When you come to Complete Physical Therapy, we know you want to get back to health fast. In order to save time on your first visit, please fill out our electronic intake prior to your appointment. If you cannot get the paperwork done at home prior, please arrive 30 minutes early to your appointment to complete it in office. Please be as thorough as possible when filling out your intake paperwork to ensure your therapist has all information needed to complete your evaluation.

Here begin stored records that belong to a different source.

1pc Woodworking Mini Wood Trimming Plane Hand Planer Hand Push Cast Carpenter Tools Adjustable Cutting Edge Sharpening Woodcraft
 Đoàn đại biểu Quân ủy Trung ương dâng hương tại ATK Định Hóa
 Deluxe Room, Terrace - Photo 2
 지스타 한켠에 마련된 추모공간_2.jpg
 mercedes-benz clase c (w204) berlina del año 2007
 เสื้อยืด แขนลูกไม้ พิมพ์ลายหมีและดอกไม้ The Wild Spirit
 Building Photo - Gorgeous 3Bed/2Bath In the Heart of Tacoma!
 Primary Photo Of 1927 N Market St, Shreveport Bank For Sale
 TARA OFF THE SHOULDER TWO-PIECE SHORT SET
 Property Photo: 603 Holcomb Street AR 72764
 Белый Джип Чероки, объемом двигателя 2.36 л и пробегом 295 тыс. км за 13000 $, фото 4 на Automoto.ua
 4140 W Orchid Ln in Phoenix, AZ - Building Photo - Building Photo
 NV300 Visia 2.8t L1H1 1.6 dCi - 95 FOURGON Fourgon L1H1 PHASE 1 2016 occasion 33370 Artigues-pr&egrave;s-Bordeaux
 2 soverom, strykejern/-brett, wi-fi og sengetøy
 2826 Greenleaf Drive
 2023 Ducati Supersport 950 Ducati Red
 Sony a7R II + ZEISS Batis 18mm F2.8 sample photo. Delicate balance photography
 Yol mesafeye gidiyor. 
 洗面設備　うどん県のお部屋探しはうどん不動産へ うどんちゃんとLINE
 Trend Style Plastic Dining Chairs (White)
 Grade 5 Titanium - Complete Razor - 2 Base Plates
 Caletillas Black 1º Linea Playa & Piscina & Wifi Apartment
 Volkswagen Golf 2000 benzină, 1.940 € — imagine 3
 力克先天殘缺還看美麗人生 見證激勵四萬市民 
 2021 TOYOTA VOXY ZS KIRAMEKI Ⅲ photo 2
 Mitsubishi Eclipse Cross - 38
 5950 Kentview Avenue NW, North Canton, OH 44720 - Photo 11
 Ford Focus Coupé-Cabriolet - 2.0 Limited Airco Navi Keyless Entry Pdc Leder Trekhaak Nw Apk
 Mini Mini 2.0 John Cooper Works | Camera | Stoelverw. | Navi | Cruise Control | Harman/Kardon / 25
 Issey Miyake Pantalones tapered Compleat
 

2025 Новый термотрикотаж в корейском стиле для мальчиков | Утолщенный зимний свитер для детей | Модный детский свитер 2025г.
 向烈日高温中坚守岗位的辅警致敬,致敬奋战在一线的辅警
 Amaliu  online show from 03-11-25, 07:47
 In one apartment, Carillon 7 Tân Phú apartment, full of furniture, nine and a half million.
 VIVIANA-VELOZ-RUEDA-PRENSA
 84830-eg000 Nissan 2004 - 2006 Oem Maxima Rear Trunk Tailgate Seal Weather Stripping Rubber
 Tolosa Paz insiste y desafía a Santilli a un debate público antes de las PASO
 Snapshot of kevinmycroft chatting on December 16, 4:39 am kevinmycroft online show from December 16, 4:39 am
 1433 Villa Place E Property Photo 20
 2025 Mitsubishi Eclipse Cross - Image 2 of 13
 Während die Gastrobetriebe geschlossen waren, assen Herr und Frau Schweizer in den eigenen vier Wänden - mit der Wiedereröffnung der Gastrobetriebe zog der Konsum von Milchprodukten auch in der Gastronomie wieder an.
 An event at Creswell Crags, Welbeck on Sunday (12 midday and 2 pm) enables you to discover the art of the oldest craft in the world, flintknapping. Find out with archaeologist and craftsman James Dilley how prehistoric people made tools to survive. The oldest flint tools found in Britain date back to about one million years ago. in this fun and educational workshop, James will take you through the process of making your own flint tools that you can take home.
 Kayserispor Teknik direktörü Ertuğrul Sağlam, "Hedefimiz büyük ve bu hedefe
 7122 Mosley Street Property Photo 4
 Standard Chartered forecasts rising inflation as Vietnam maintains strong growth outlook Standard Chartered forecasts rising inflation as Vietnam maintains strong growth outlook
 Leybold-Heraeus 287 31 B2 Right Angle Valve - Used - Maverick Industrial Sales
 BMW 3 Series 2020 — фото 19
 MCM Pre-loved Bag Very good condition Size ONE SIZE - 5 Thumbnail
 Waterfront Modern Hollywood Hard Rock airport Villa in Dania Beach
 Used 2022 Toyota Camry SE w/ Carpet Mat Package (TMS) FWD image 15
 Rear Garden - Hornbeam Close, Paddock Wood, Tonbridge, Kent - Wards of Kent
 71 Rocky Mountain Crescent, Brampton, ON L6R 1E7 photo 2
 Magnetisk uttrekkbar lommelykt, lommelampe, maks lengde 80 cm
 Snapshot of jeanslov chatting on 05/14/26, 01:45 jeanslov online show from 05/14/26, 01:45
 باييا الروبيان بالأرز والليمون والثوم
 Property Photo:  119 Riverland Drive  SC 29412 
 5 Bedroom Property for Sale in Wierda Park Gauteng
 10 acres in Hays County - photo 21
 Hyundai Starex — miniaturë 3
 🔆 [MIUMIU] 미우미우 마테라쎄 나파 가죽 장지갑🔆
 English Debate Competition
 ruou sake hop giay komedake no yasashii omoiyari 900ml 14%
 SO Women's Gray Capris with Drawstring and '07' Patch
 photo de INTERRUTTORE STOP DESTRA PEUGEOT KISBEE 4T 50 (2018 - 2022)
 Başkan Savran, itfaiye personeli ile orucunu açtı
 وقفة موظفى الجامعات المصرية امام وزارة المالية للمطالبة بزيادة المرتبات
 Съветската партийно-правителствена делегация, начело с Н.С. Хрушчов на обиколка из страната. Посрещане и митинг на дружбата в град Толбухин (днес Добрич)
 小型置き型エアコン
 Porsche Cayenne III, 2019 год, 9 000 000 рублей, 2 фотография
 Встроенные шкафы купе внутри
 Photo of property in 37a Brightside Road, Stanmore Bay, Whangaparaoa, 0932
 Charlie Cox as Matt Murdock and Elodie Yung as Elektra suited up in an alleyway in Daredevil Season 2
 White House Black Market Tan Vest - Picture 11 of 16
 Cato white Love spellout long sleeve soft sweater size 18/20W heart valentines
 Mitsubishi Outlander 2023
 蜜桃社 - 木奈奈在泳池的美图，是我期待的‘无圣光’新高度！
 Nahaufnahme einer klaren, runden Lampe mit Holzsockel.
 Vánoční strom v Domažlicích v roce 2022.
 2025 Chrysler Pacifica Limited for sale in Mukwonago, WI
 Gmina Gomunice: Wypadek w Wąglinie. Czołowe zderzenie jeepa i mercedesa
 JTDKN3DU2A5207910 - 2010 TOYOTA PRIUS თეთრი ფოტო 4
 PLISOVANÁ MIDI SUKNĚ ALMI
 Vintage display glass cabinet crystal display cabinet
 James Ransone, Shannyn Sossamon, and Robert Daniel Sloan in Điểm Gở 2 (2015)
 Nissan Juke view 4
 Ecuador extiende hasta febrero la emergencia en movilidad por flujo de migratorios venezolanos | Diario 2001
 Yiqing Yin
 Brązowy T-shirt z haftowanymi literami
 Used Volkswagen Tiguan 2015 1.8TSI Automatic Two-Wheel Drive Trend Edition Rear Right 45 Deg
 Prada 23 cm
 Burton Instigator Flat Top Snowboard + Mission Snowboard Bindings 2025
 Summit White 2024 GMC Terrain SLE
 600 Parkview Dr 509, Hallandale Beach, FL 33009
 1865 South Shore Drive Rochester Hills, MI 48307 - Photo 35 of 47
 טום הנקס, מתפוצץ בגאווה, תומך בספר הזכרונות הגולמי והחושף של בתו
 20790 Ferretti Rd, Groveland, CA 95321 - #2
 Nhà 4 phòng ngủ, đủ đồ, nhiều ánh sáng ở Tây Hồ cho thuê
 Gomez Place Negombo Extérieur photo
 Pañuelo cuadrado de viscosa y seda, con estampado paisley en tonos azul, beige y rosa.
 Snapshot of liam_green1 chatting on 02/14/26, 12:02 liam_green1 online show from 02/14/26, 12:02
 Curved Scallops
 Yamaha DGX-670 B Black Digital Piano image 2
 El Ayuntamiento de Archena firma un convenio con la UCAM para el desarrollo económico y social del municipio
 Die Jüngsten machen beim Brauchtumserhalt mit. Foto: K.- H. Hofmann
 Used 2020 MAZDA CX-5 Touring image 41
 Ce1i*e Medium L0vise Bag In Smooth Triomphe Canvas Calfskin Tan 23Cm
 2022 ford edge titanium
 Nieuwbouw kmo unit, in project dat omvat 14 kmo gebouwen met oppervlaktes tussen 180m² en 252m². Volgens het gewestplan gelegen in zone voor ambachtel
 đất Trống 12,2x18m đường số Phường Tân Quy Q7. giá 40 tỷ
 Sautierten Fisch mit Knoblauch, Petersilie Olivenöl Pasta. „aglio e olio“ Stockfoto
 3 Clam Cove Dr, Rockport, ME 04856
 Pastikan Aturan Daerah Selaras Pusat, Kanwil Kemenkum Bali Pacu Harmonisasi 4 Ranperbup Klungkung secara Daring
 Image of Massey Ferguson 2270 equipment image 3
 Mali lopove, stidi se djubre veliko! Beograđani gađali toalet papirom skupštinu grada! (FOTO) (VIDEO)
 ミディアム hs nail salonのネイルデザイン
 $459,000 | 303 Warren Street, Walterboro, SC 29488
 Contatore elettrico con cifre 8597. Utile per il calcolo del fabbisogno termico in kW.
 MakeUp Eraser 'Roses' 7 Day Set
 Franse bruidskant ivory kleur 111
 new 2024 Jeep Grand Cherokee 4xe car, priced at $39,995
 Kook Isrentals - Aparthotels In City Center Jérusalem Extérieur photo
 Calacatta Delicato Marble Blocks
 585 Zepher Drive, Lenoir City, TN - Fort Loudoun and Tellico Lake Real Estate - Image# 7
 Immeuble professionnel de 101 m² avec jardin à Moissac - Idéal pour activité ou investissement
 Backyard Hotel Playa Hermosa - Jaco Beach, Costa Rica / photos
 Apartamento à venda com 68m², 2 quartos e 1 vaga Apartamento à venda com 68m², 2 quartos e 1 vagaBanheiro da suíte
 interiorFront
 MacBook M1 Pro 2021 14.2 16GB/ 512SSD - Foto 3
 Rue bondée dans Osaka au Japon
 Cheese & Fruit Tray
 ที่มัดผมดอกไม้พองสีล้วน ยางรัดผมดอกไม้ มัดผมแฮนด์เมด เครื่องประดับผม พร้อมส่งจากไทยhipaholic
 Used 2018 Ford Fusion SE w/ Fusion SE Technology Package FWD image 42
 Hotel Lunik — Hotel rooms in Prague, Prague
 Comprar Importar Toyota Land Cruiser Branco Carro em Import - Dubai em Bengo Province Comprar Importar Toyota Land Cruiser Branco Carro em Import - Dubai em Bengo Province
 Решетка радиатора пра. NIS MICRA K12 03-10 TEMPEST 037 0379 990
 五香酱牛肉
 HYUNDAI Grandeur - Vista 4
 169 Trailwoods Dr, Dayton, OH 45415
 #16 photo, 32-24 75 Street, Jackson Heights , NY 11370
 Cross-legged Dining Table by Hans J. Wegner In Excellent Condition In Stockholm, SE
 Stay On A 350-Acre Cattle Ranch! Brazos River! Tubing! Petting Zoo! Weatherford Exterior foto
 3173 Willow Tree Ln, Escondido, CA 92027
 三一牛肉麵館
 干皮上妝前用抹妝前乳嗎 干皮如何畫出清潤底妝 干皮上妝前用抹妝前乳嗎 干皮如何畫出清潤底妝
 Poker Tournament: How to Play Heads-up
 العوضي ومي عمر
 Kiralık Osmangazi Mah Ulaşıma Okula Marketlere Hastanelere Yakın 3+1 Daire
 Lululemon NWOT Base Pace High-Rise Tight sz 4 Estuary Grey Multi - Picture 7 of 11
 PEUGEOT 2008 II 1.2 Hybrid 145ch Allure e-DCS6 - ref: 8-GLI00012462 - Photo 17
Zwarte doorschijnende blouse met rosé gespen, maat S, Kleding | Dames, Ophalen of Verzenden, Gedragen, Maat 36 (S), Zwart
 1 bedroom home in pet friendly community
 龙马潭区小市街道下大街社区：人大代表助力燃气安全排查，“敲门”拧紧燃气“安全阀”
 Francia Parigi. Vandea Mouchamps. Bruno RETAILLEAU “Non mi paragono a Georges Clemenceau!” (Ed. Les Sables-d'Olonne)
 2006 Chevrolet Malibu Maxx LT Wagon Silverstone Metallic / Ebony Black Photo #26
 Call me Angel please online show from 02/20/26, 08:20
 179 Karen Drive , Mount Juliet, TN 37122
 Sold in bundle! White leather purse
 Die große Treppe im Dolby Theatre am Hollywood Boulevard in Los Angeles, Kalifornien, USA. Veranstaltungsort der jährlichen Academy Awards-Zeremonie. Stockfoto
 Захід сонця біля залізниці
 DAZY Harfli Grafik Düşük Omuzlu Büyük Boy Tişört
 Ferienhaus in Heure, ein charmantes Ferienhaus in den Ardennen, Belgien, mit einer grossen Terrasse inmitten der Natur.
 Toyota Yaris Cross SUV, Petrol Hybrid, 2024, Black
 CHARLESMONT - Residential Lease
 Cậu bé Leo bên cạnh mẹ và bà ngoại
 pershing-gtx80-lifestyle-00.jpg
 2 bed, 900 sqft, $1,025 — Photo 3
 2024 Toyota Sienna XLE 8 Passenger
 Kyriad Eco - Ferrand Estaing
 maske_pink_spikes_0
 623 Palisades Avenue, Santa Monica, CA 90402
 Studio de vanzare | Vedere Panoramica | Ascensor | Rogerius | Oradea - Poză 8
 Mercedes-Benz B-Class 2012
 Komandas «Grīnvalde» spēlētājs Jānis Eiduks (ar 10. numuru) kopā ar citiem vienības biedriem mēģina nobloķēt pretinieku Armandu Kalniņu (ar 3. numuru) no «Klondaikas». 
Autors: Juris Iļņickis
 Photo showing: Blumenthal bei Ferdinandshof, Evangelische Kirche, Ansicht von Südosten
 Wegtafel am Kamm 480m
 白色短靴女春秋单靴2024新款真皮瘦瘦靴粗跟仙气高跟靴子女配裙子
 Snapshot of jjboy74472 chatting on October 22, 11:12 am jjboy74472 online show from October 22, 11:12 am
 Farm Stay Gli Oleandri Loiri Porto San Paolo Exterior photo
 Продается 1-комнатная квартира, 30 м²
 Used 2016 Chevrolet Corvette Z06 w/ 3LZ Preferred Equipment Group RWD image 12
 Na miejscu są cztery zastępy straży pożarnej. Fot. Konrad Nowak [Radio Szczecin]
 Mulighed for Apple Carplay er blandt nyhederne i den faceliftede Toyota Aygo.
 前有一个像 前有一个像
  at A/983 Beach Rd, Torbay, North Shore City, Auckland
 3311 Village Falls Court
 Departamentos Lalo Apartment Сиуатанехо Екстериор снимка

We are in-network with the following insurance companies:
- Midland's Choice/Auxiant
- Cigna
- Medica (not CHI or Elevate plans)
- Blue Cross Blue Shield (not CHI plans)
- Aetna
- Medicaid (Molina & Nebraska Total Care, but not UHC)
- Ambetter Total Care
- Medicare
- Tricare/TriWest
We are NOT in net-work with Humana, VA Community Care, United Healthcare/Optum, Bright Health, Medica Elevate, CHI plans, & Wellcare.
It is always important that you know your personal health insurance coverage benefits. We encourage you to inquire with your insurance company about your individual benefits before your initial evaluation. Our front office typically calls your insurance company to verify your benefits and coverage, but being proactive about knowing your benefits will prevent incidents of non-coverage that can be unexpected and frustrating. Many policies require those covered to pay a deductible before the insurance company will contribute to covering service costs. The number to call your insurance company should be listed on the back of your insurance card. Before you call, here are a few questions to ask prior to receiving treatment:
- Is a referral or prescription for physical therapy required for my visits to be covered?
- What are my deductible and out-of-pocket amounts and how much has been met of each?
- Do I owe a co-pay prior to treatment?
- How many physical therapy visits does my policy allow me per year?
- What percentage of the costs of services will I be responsible for paying after insurance has contributed?